WHAT YOU WILL DO: Only one part of the listing is needed: the lines from the one with "Bữa ăn của các" through the last line, copied exactly and free of pictures.

SOURCE MATERIAL:
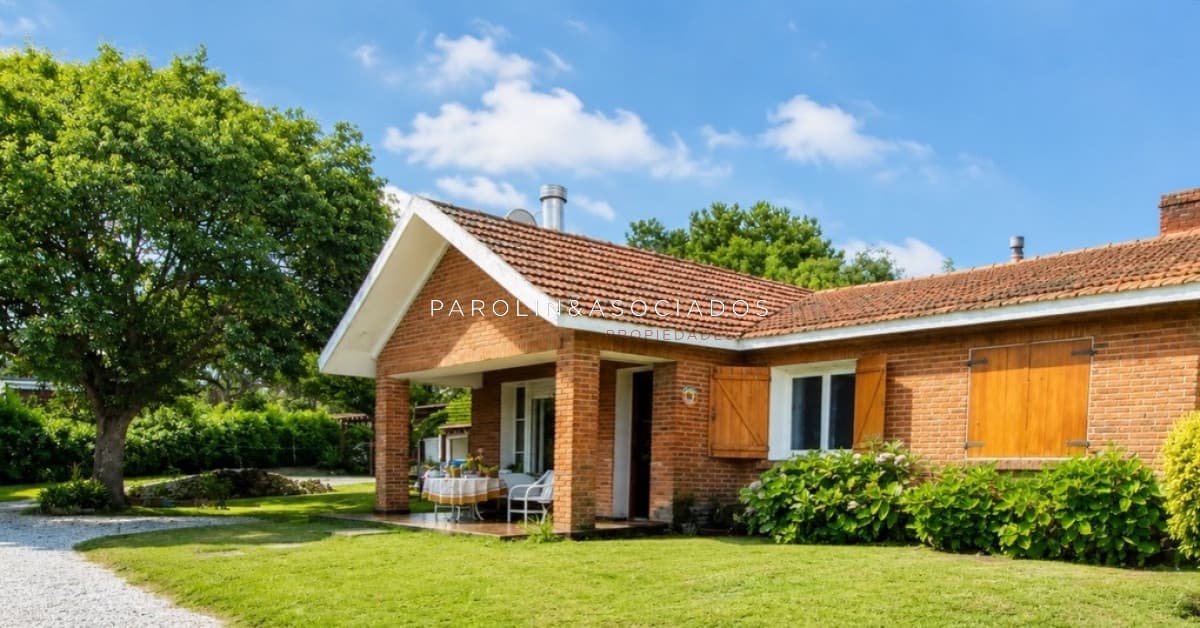 Casa en Venta de 4 Dormitorios en Playa Mansa, Punta del Este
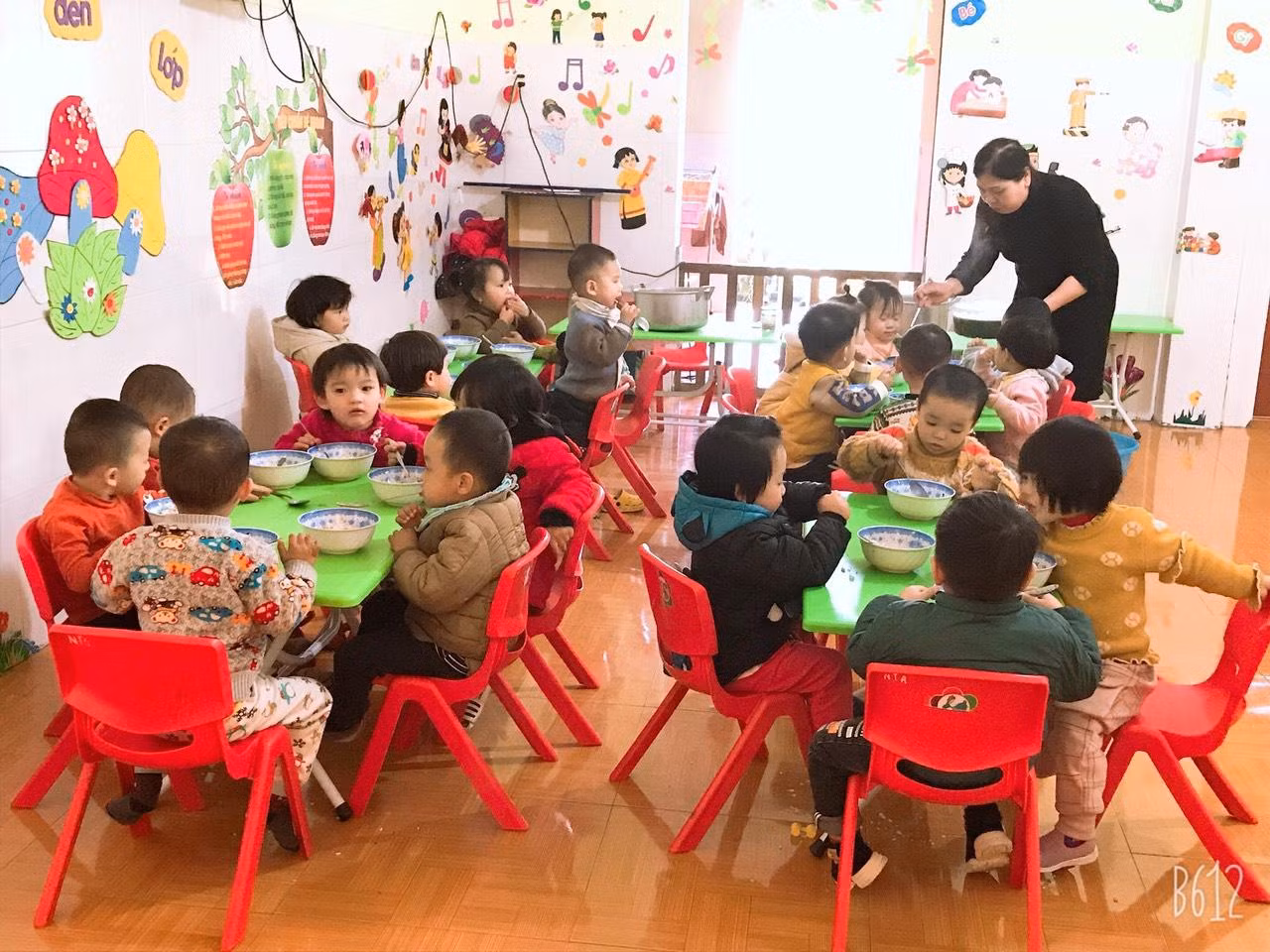 Bữa ăn của các em học sinh Mầm non Đồng Văn khi đi học trở lại.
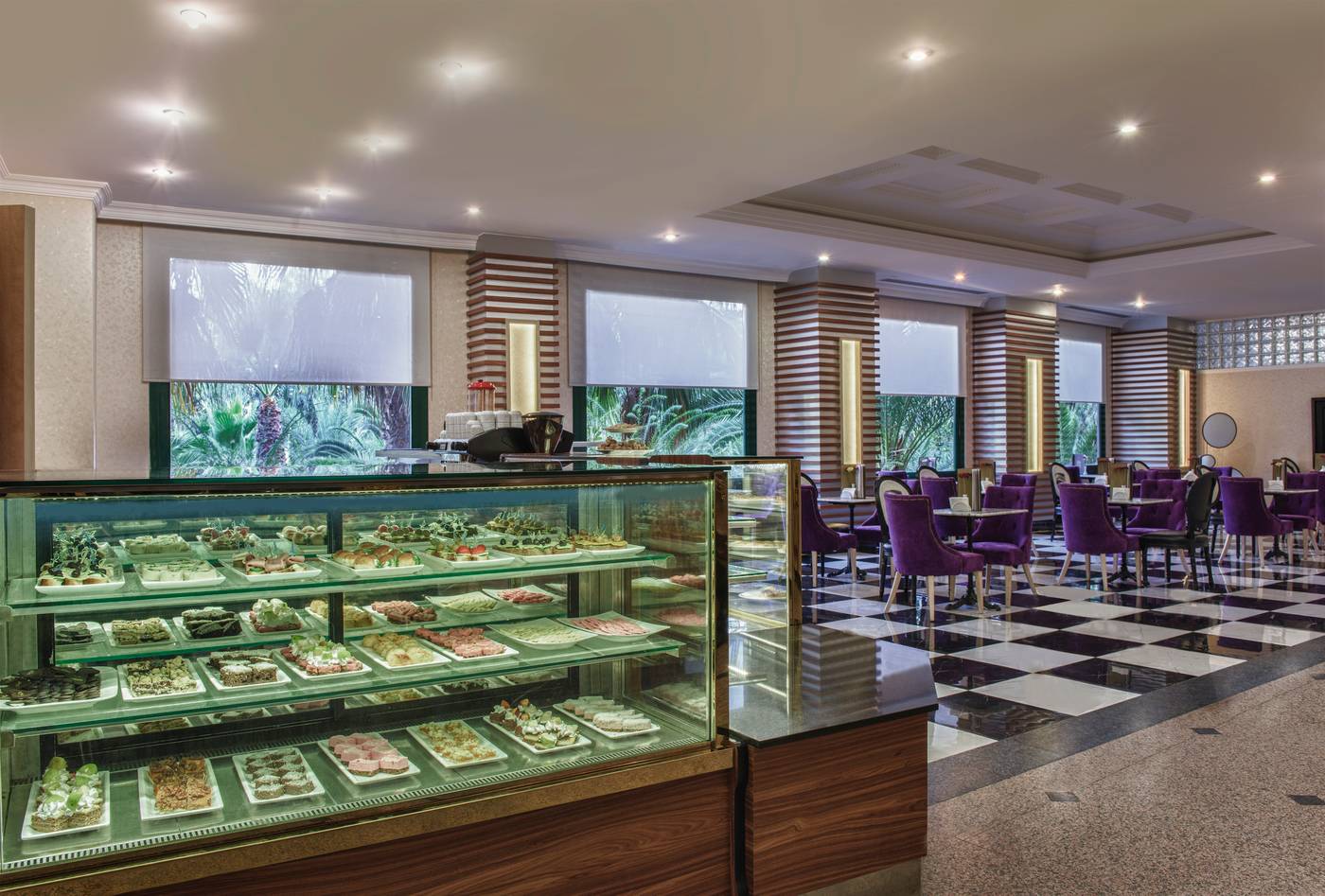 Delphin-Deluxe-Restaurant-23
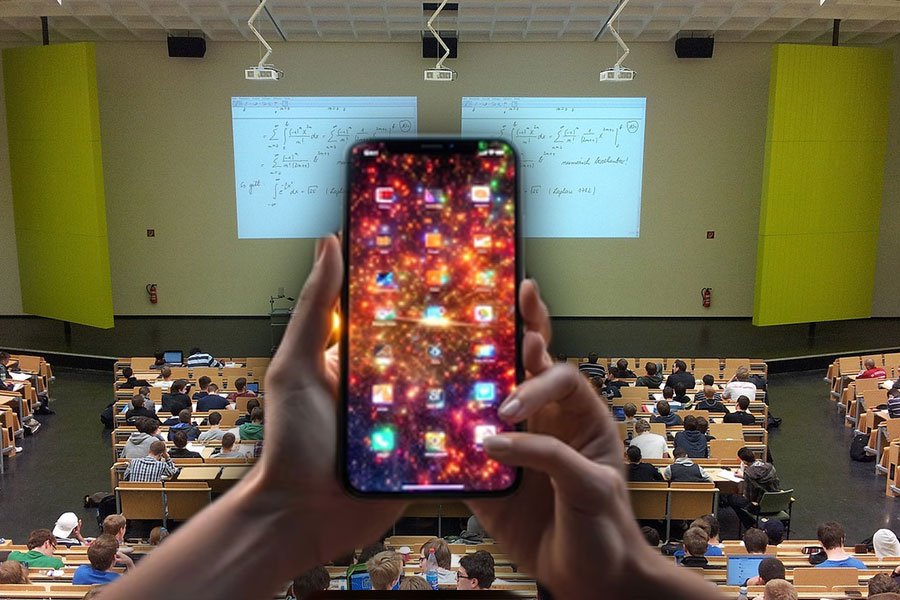 The UN warns of the danger of using phones in schools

REPLY TO THE TASK:
 Bữa ăn của các em học sinh Mầm non Đồng Văn khi đi học trở lại.
 Delphin-Deluxe-Restaurant-23
 The UN warns of the danger of using phones in schools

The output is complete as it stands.